Justification based on cost alone is unlikely to be sufficient. The less favourable treatment has to relate to the terms of the worker’s contract or from the worker being subjected to some other detriment. The right does not give LLP members a right to work part-time, just protection from less favourable treatment if the member is a part-time worker.

  1. National Minimum Wage

Members will now be covered by the National Minimum Wage Act 1998. This provides for a statutory minimum level of pay for everyone who works legally in the UK. Although this is unlikely to cause many issues for LLPs, they may still need to review their current policies and practices and consider how they structure their drawings (and any “claw-back” provisions) in a way that ensures compliance with this legislation.

  1. The Working Time Regulations 1998

These Regulations govern the hours most workers can be required to work and, amongst other things, set out limits on the average working week and statutory entitlements to paid leave.

  1. Unlawful Deductions from Pay

The Employment Rights Act 1996 gives workers the right not to suffer unauthorised deductions from wages. Therefore, LLPs will have to ensure that any “claw-back” provisions in their LLP agreements are carefully drafted so as not to infringe this principle.

  1. Pension Auto-Enrolment

There is a continuing debate as to whether LLP members will have to be enroled automatically into a qualifying pension scheme with mandatory, minimum employer pension contributions, under the auto-enrolment regime. In order to determine this question, it would appear that one will need to decide first whether the LLP member is a “worker” for these purposes and then whether the LLP member receives “qualifying earnings” (i.e. salary, wages and commission but not genuine profit share). It remains to be seen whether any guidance on these points will be forthcoming from the UK Pensions Regulator.

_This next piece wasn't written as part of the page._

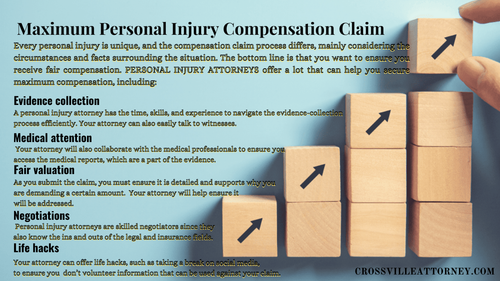 How a Personal Injury Attorney Improves Maximum Compensation Odds.png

  1. Partners in Traditional Partnerships

The decision in this case does not, however, deal with the question as to whether partners in traditional partnerships could ever claim these “worker” rights.

  1. Practical Steps for LLPs to Consider

In response to the decision in the Clyde & Co LLP case, those who operate LLP structures should review their LLP agreements and related policies and practices in order to assess the impact on their businesses. In short, they should:

  1. ensure that there is a whistleblowing policy in place setting out procedures by which LLP members can report concerns about illegal, unethical or otherwise unacceptable conduct;
  2. ​ensure that they do not subject any LLP members to any detriment if they “blow the whistle” (and consider taking legal advice before taking steps to remove an LLP member in order to establish whether the member might be able to bring a successful whistleblowing claim);
  3. carefully document genuine business reasons for any negative or otherwise detrimental actions taken against LLP members (e.g. compulsory retirement or reductions in profit share) so as to be able to show that the LLP has not taken any retaliatory action against LLP members for any alleged wrongdoing;
  4. ensure that they are in compliance with the Working Time Regulations (most notably regarding rest breaks and paid annual leave) and the regulations prohibiting less favourable treatment of part-timers in respect of their LLP members;
  5. ensure that the way that profits are drawn by LLP members and how this is drafted in the LLP agreement accords with national minimum wage legislation; and
  6. consider whether LLP members may need to be enroled into a suitable occupational pension scheme under the auto-enrolment regime and, if necessary, plan for such enrolment.